A change to a data product may be categorised or evaluated based on the extent to which data consumers of the data product must be assumed to follow precautions and best practices in order not to have their functionality compromised by the change. What is meant by this is that certain changes (e.g., dropping an entire table) have the ability to break integration no matter how well any given data consumer of the data product protects itself and/or sanitises/checks its inputs. Other changes (e.g., adding a column) can break integration for data consumers unadvisedly performing an SQL SELECT * query (or equivalent operation) but not for data consumers which follow best practices by only selecting the specific columns they need. Still other changes (e.g., adding a non-null constraint) lack the potential to break integration for any data consumers. These three categories of change might thus be considered e.g., breaking, semi-breaking (or potentially-breaking) and non-breaking, respectively. Other means of evaluating compatibility of a modification with an existing build will be apparent to those of ordinary skill in the art.

In embodiments, incompatibility of a modification with an existing build's version of a data product may be determined in one or more of the following (non-exhaustive) ways:

    • a. identifying that a table, column, service level objective, constraint, or other object present in the existing build is removed by the modification;
    • b. determining that a non-null constraint, a range constraint, a foreign key constraint, or a value-list constraint would be removed by the modification;
    • c. identifying that a table, column, service level objective, constraint, or other object absent from the existing build is added by the modification;
    • d. identifying that a table, column or other object is renamed by the modification;
    • e. identifying the existence of a record which would be invalid under the existing build but which is rendered valid by the modification; or
    • f. identifying that a range associated with a range-based condition in the existing build would be widened by the modification.

As an illustrative example, if a previous build of a data product comprised a field-level constraint that a particular date lay in the range Jan. 1, 1970 to Jan. 1, 2024, and a modification were specified in which the date was only required to lie in the range Jan. 1, 1900 to Jan. 1, 2024, a negative compatibility result may be determined for that modification. As another example, if a previous build comprised a regex constraint forcing an email field to take only ‘@’,'.' and alphanumeric characters, and a modification were specified allowing other special characters such as ‘#’ and ‘˜’ to enter this field, a negative compatibility result may be determined for that modification.

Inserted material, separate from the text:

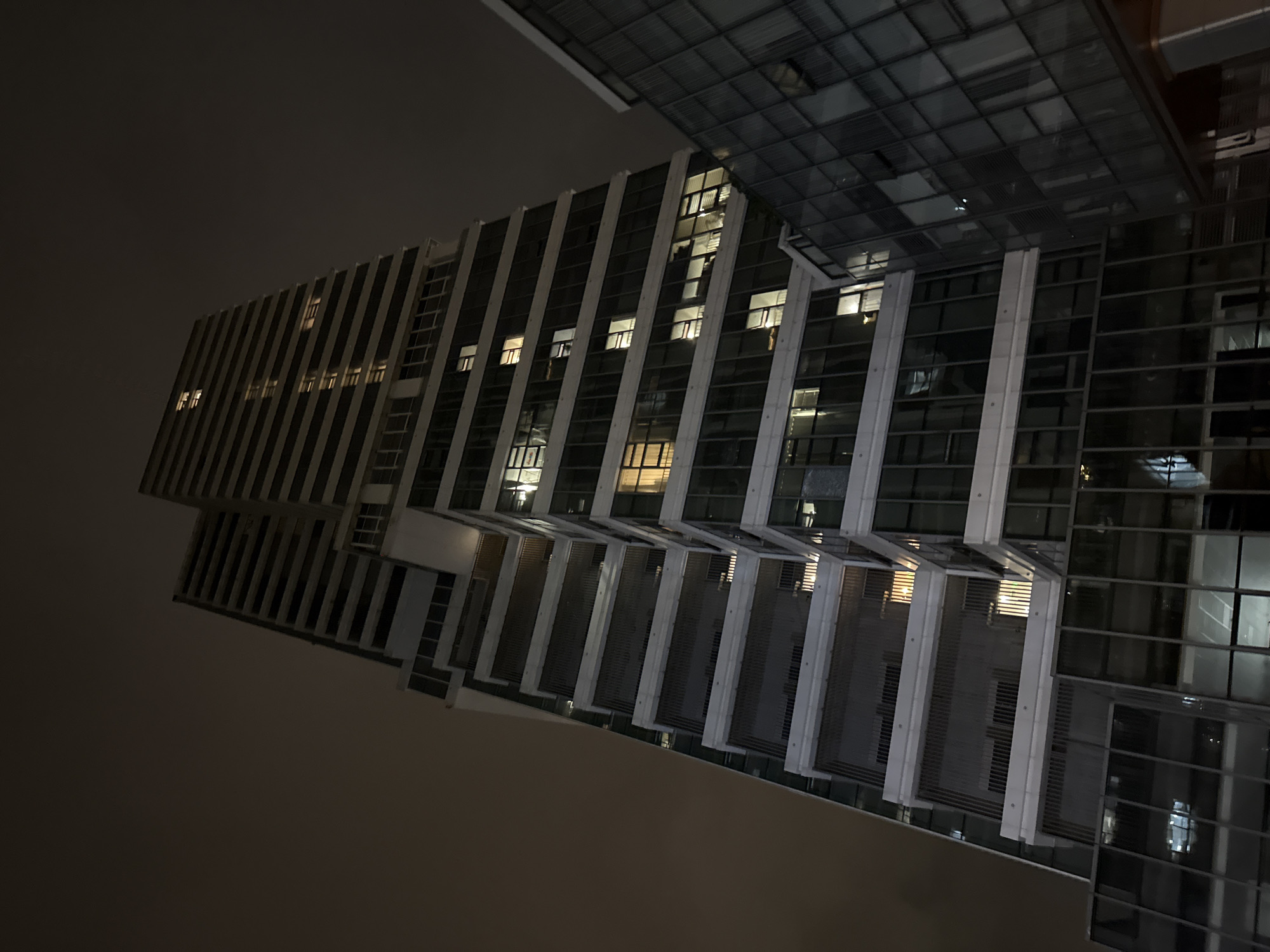 This is a low-angle, full shot of a modern high-rise building at night, located in the Huangpu District of China. The building is tall and slender, with a dark, clouded sky as the backdrop. The facade of the building is a combination of dark glass and white horizontal accents. Many of the windows are illuminated from within, casting a warm glow on the exterior. Some balconies are visible with dark grates. To the right of the main building, a smaller, adjacent structure with a glass facade is partially visible. The overall impression is one of urban nocturnal architecture.
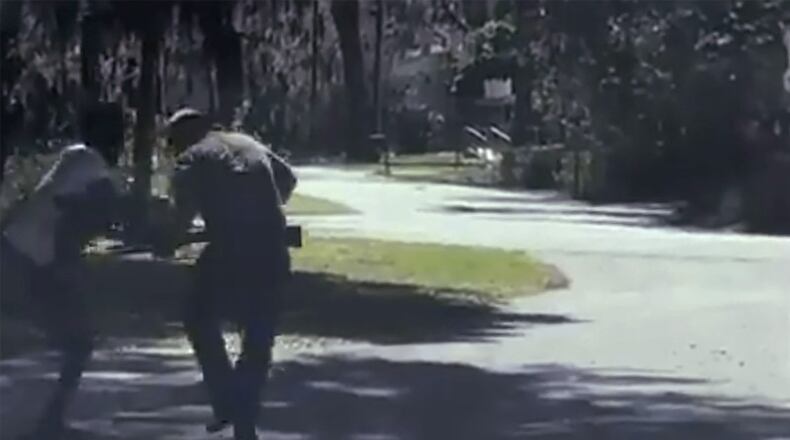 In this image from video posted on Twitter on Tuesday, May 5, 2020, Ahmaud Arbery stumbles and begins falling after being shot as Travis McMichael stands by holding a shotgun in a neighborhood outside Brunswick, Ga., on Feb. 23, 2020.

The process of determining the compatibility result (or indeed, the method of the present invention overall) may occur at a suitable point in the process of developing, building and deploying a data product. For example, the determination/method may be part of the final stage of a data product build pipeline. The determination/method may be part of the final job or step of a data product build pipeline. The determination/method may occur after the user-specified modification has been used to generate at least a part of a new build for the data product. The determination/method may occur after the user-specified modification has been used to generate a data product manifest (or an updated version thereof).

In embodiments in which the build pipeline comprises generation of multiple parts of a final data product manifest/specification/definition (e.g., multiple data product snippets, or other suitable metadata), the determination/method may occur after one or more of these parts have been generated (e.g., by a pipeline or job). Alternatively, the determination/method may occur after all of these parts have been generated.

The existing build of the data product may be or comprise e.g., a data product definition or manifest that has been generated at a time earlier than the execution of the compatibility determination. The existing build may be received from a repository of the data product in development, or from an external repository. The existing build may be received by reference to a file path in a data product development environment, or by reference to a uniform resource locator (URL). The URL may optionally be e.g., a Git URL (“git://”) or a secure hypertext transfer protocol URL (“https://”). Advantageously, such external references enable back-compatibility checking to be performed against an existing build which is part of a different data product development project having different governance rules, thereby allowing changes to the build to be more tightly controlled if desired.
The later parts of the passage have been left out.